Salleh’s reach is extraordinary. He travels from South America to Africa, from Scotland to Turkey and Vietnam. For the most part, his subjects and their dogs live a mutually-beneficial lifestyle. Former child soldiers in Uganda treat them like spirit animals, finding in them the strength to deal with their past. “When naming a dog here,” Filda says, “We choose the name inspired by true-life experiences.” Stigmatized by her neighbors, she called her dog Lok Oroma, which translates as “Looks Don’t Hurt Me.”
There are examples where that symbiosis morphs into stranger forms.
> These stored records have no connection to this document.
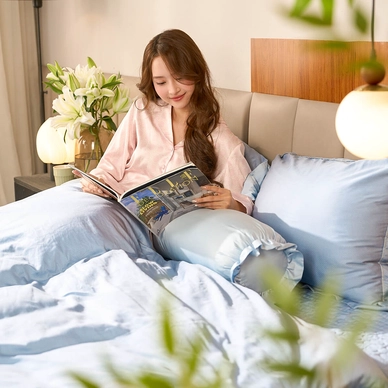 Bộ chăn ga phủ chần lụa tencel cao cấp Amando Élan 5 chi tiết (TC001 và TC005) - Ảnh 18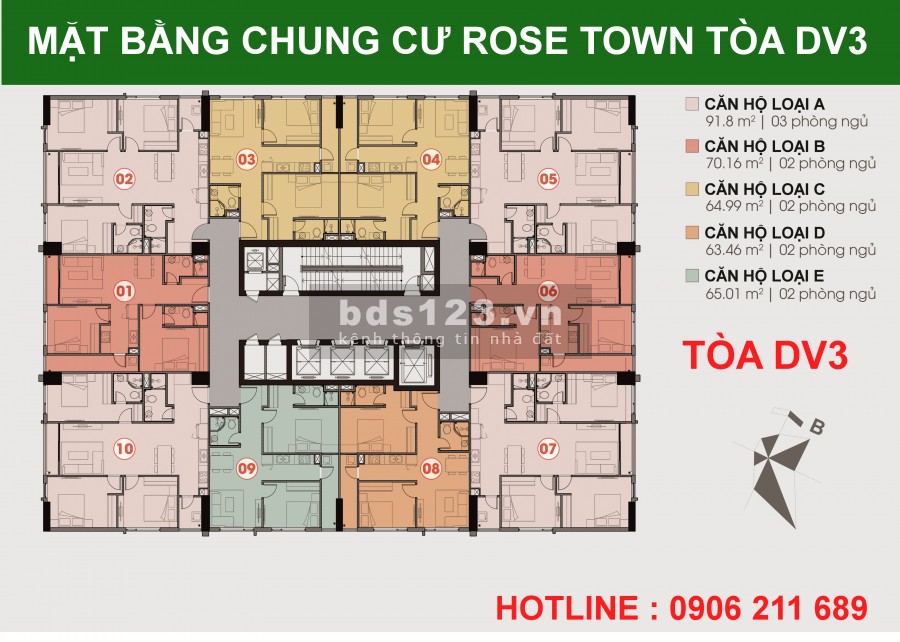 Cần bán nhanh căn 3 phòng ngủ giá 2,7xx tỷ dự án ROSE TOWN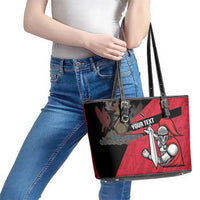 Custom Trinidad and Tobago Cricket Knight Riders Leather Tote Bag Go Trinbago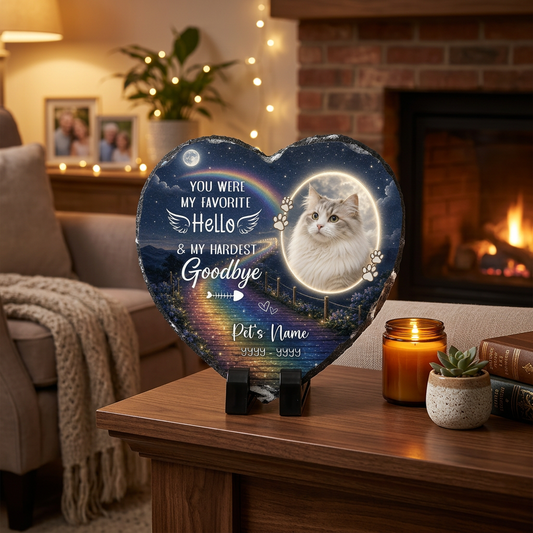 Personalized Pet Memorial Heart Slate Stone with Custom Photo – Cat Dog Loss Gift - Image 2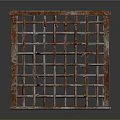 Rusty Metal Grid Cube Structure With Rusted Surface And Intricate Design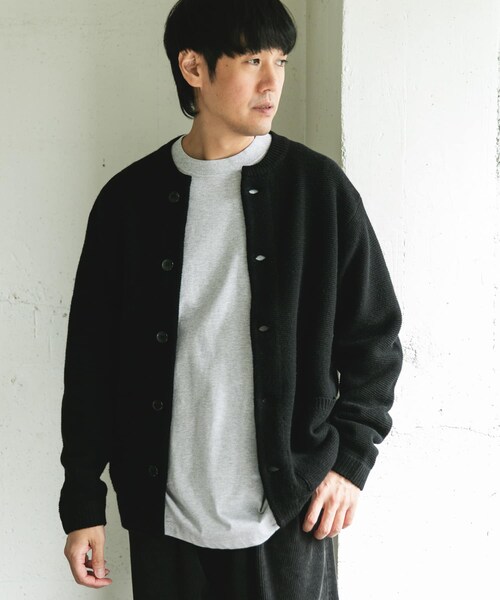URBAN RESEARCH DOORS(アーバンリサーチドアーズ)の「ハミルトンウールガーターカーディガン(カーディガン/ボレロ・メンズ・GRAY/DARK RED/BLACK・M/L/XL)」の9枚目の写真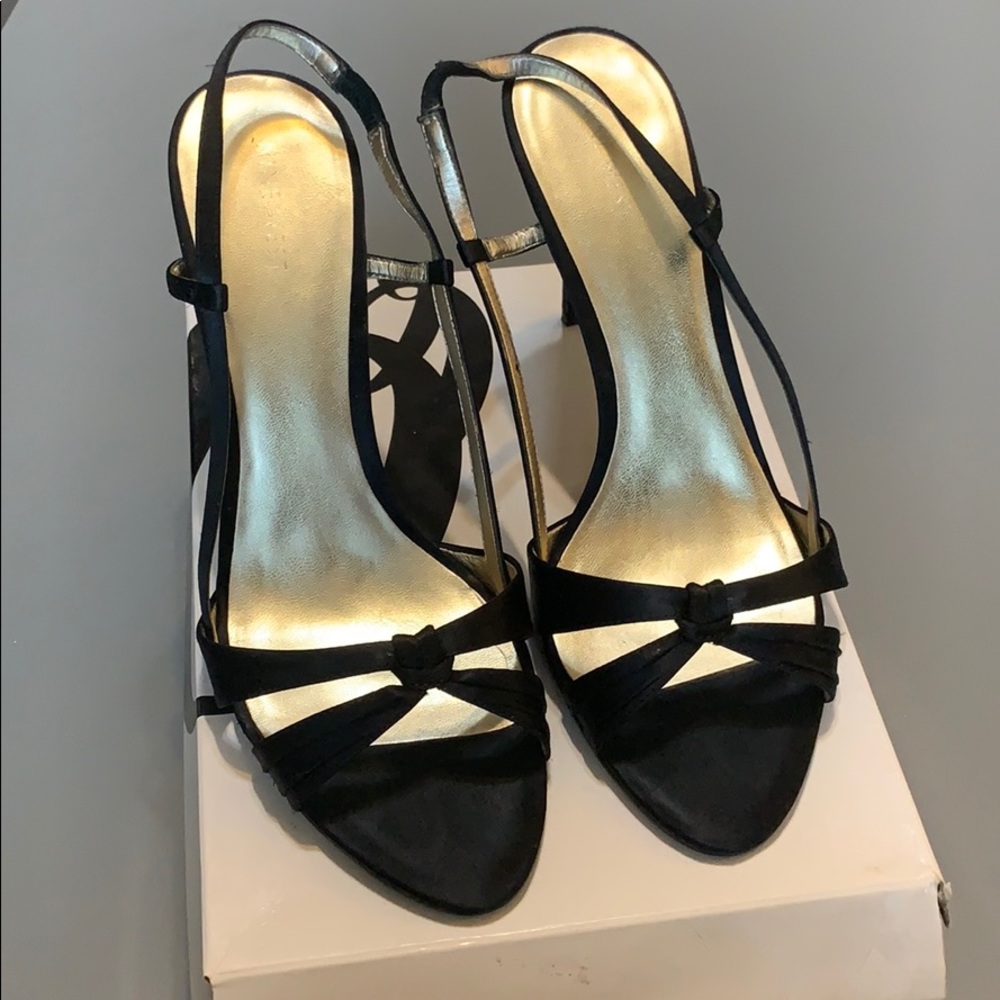 Nine West Reedy Black Satin Slingback Sandals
A saddened Vietnamese gentleman mourns the decrease in dog meat consumption. An uber-pampered dog receives annual birthday parties. It is frankly the most horrifying part of the film, which Salleh regards mournfully, with a sad piano score complementing the otherwise jolly proceedings (more on that score later). Then there’s Chino, the wanderer, who leads an independent double life and likes to visit the local grocery store.
“Are we dog’s best friend? That’s the question filmmaker Matthew Salleh poses in his heartfelt dog-umentary…”
Blake Ewing’s continuous (I’m serious, it never ends throughout the entire narrative) sentimental score may prove to be too suffocating for folks with a low tolerance for syrupy sentiment. The pace is leisurely and gentle, so those expecting a searing treatise on our mistreatment of canines, supplemented by a historical account of said relationship, will be disappointed.
That said, Salleh’s devotion to the subject is evident. His beautiful camerawork, capturing all those international locations, goes a long way to liven up the proceedings, as do the charming interviewees. We Don’t Deserve Dogs is filled with stories both inspiring and heartbreaking, such as one told by a Santiago citizen about abandoning his dog Rocky, or a pet rescuer talking about her adorable bullterrier.
We certainly learn more about the owners than we do about the canines, for even Salleh’s keen, insightful eye isn’t able to penetrate those furry skulls. Most of his subjects are kind, generous, and do, in fact, seem to deserve their best friends. The feeling appears to be reciprocated. Regardless of whether We Don’t Deserve Dogs is as incendiary as its title suggests, dog lovers are bound to lap this up.
We Don’t Deserve Dogs was scheduled to screen at the 2020 SXSW Film Festival.